OPINION
FACTS
On March 31, 1997, appellant Raul Barajas, a lawful permanent resident alien who had lived in the United States for approximately thirty-seven (37) years, pleaded guilty to possession of a controlled substance, a felony. On September 30, 1997, the district court sentenced Barajas to a maximum term of thirty-two (32) months with a minimum parole eligibility of twelve (12) months. The court suspended the sentence and placed Barajas on probation for an indeterminate period of time not to exceed four (4) years. At some point thereafter, the Immigration and Naturalization Service (“INS”) instituted removal (i.e., deportation) proceedings against Barajas based on this conviction. See 8 U.S.C. § 1227(a)(2)(B)(i).

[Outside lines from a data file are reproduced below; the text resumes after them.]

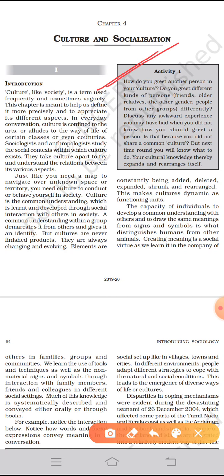This makes cultures dynamic as functioning units. The capacity of individuals to develop a common understanding with others and to draw the same meanings from signs and symbols is what distinguishes humans from other animals. Creating meaning is a social virtue, as we learn it in the company of others in families, groups, and communities. We learn the use of tools and techniques as well as non-material signs and symbols through interaction with family members, friends, and colleagues in different social settings.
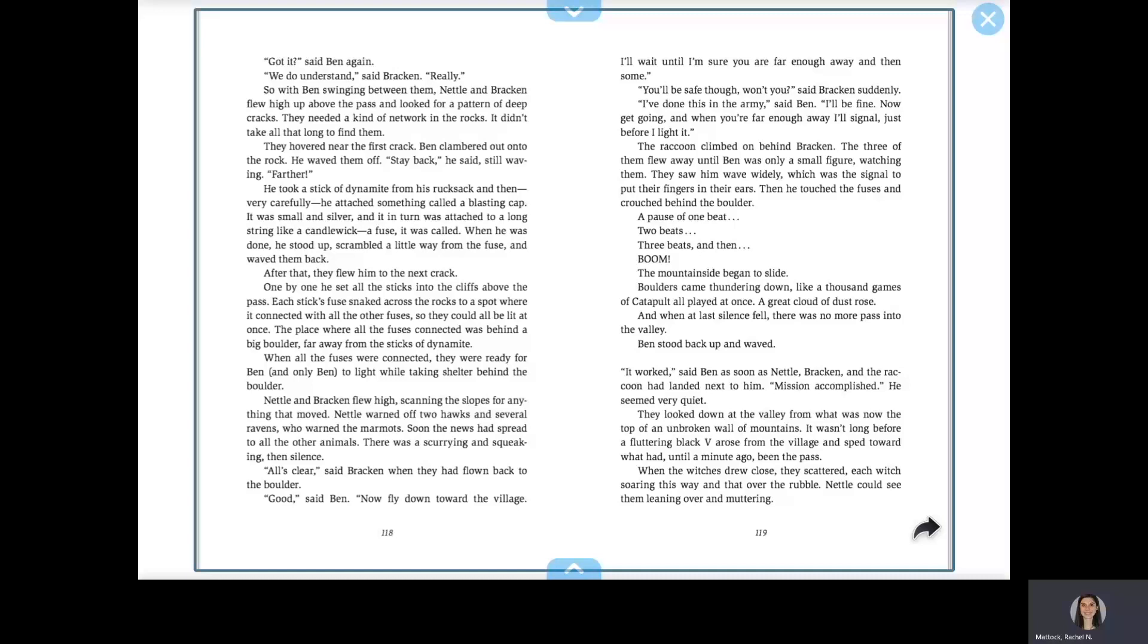Ben clambered out onto the rock. He waved them off. Stay back, he said, still waving. Farther. He took a stick of dynamite from his rucksack, and then, very carefully, he attached something called a blasting cap. It was small and silver, and in turn, was attached to a long string like a candle wick. A fuse, it was called. One by one, he set all the sticks into the cliffs above the pass. Each stick's fuse snaked across the rocks to a spot where it connected with all the other fuses, so they could all be lit at once. When all the fuses were connected, they were ready for Ben, and only Ben, to light while taking shelter behind the boulder.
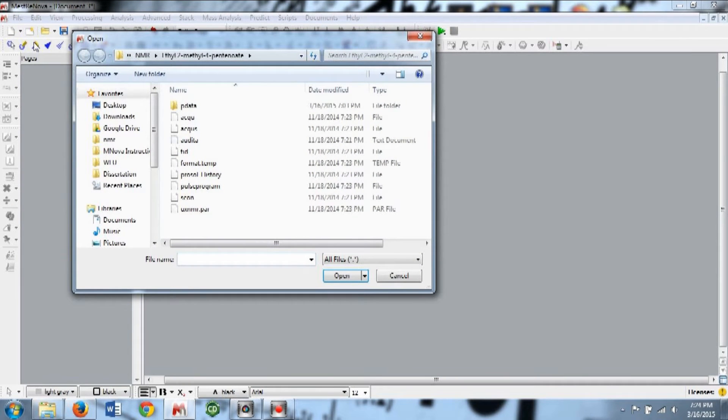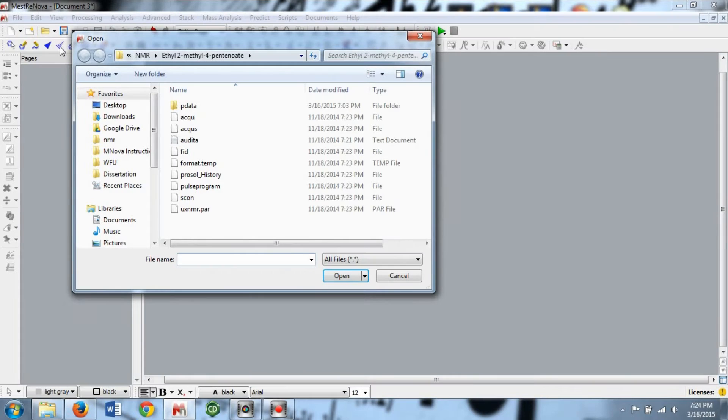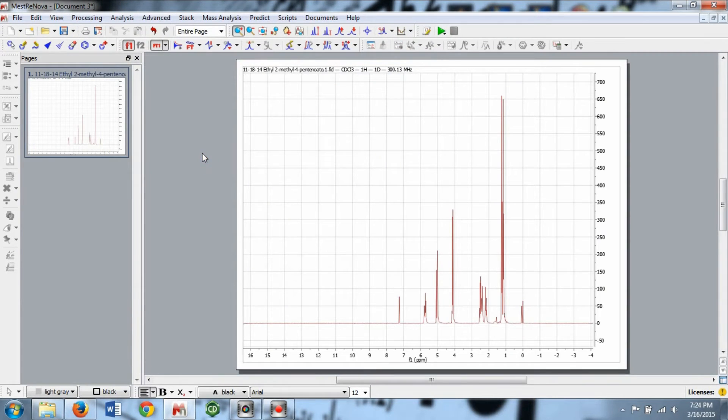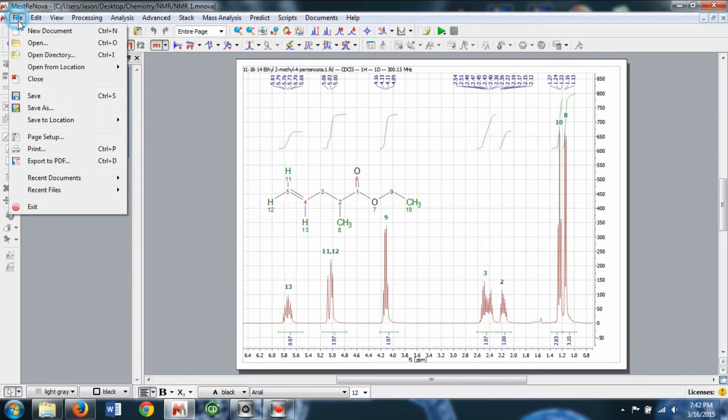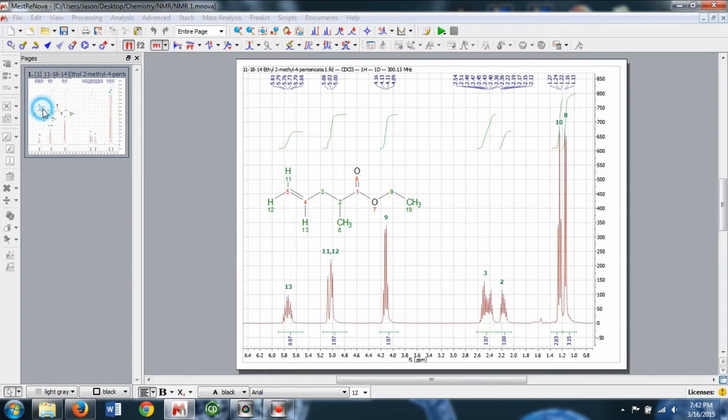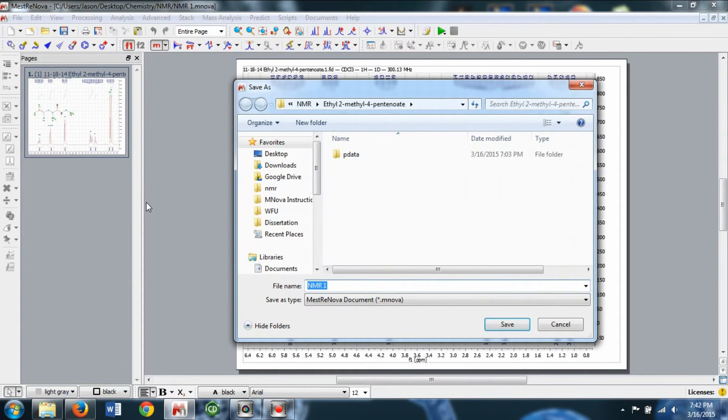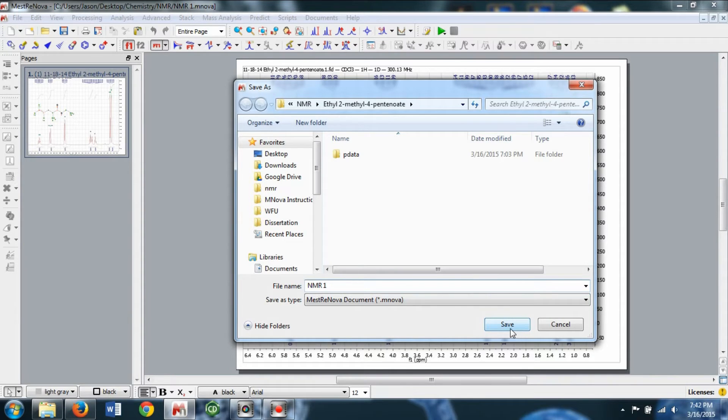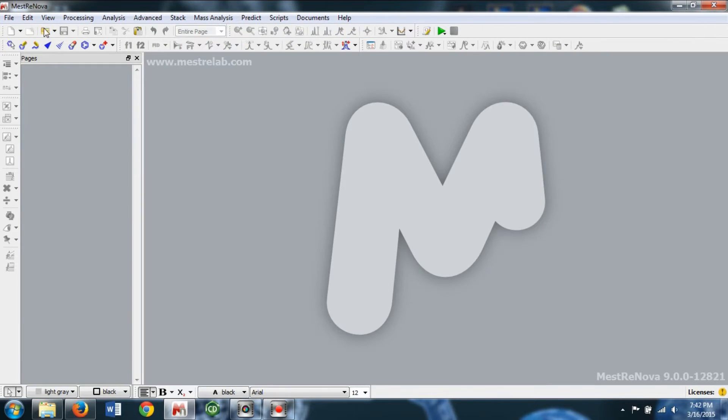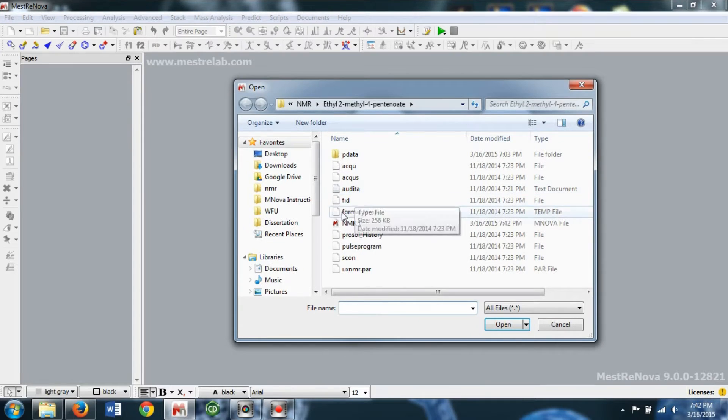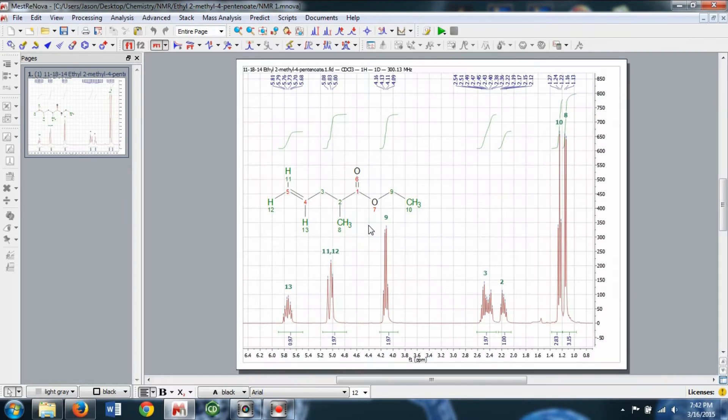Navigate to the folder where you saved your data. For NMR data, you'll either open the FID file or a .MNOVA file. If at any point you want to save your spectra and any analysis you've done, go to File and Save As to save your work as a .MNOVA file. This allows you to close the program and come back right where you left off.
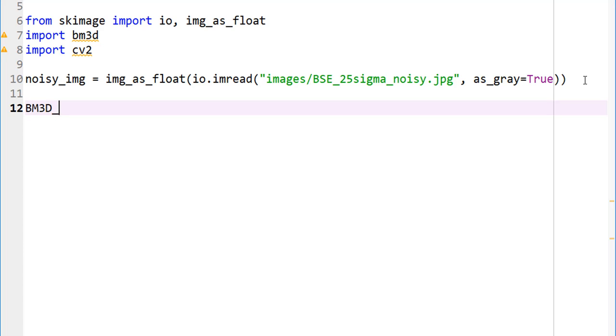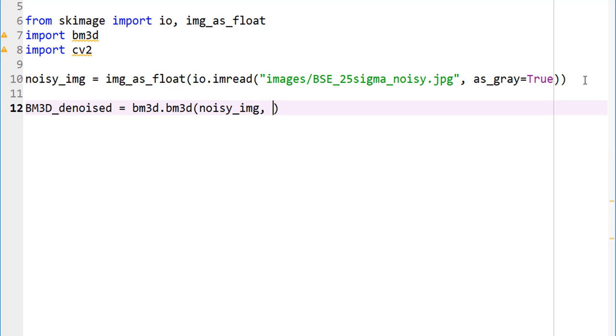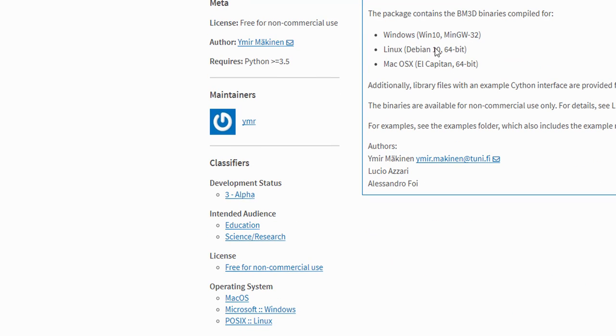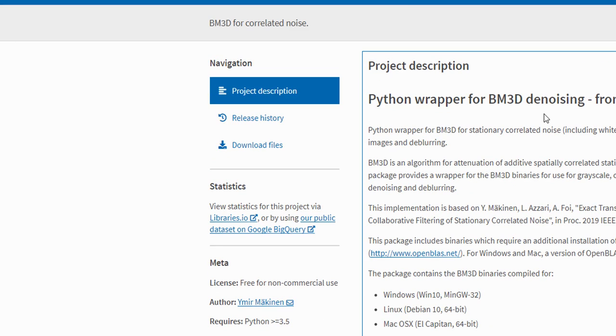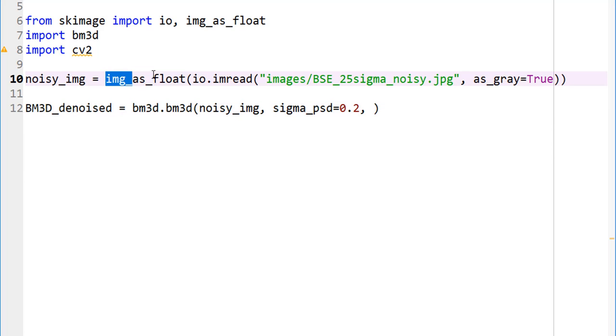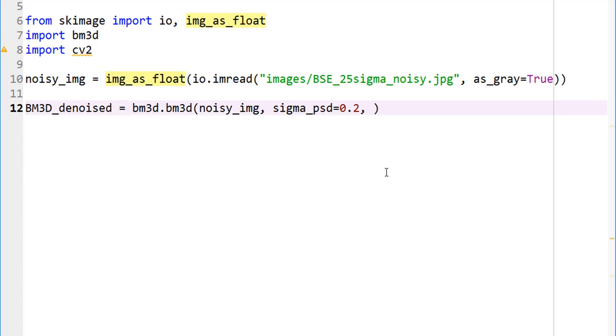Now we imported our image and we are all set. Let's do our denoising: BM3D_denoised = bm3d.bm3d. What did we call our image? noisy_img. The second parameter is sigma_psd. By the way, one thing I should mention is this is so new it's not very well documented. What I did is I downloaded the source code and went through it. I realized there are a couple of things like sigma_psd, which is our noise standard deviation. Let's start with a value of 0.2. It's a floating point number between 0 and 1.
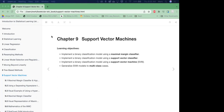We're doing support vector machines, which is another means of classification. We're going to look at the maximal marginal classifier, the support vector classifier, support vector machine, and multi-class cases.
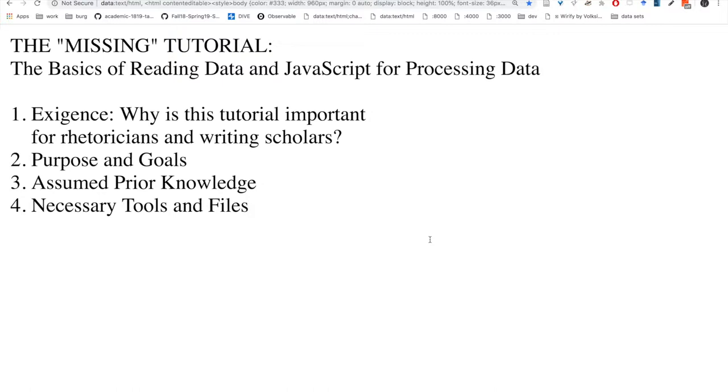Welcome to the Missing Tutorial: the Basics of Reading Data and JavaScript for Processing Data. In this introductory video, I'm going to walk through the following items. First, the exigence - why is this tutorial important for rhetoricians and writing scholars? Why do I call it the Missing Tutorial? I'll also review the overall purposes and goals of the series.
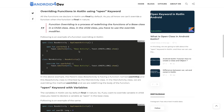Now let's move to the second point: overriding functions in Kotlin using the open keyword. Just as with classes, the same applies to functions — in Kotlin all functions are final by default, so you cannot override a function in a child class. Function overriding is the process of redefining a function of a base class in a child class. In the child class you also have to use the override modifier.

On November 28, 1998, Barajas filed a motion to withdraw his guilty plea pursuant to NRS 176.165. Barajas claimed that his plea was not entered knowingly and intelligently because neither *442the district court nor counsel advised him that he would be subject to deportation as a result of the conviction. Barajas further claimed that the failure to so advise him constituted manifest injustice as he would not have pleaded guilty had he been made aware of the consequences of his plea.
Following a hearing, the district court denied Barajas’ motion. Barajas filed this timely appeal.
DISCUSSION
Barajas contends that the district court abused its discretion by denying his motion to withdraw his guilty plea. In particular, Barajas contends that his plea was not entered knowingly and voluntarily and resulted in a manifest injustice because neither the district court nor his trial attorney advised him of the possible immigration consequences of his guilty plea. We conclude that both contentions lack merit.
A guilty plea is presumptively valid, and the defendant has the burden to prove that the plea was not entered knowingly or voluntarily. Bryant v. State, 102 Nev. 268, 272, 721 P.2d 364, 368 (1986). The district court has the duty to review the entire record and determine whether the plea was valid under the totality of circumstances. Id. This court will not overturn the lower court’s decision absent a clear showing of an abuse of discretion. Id.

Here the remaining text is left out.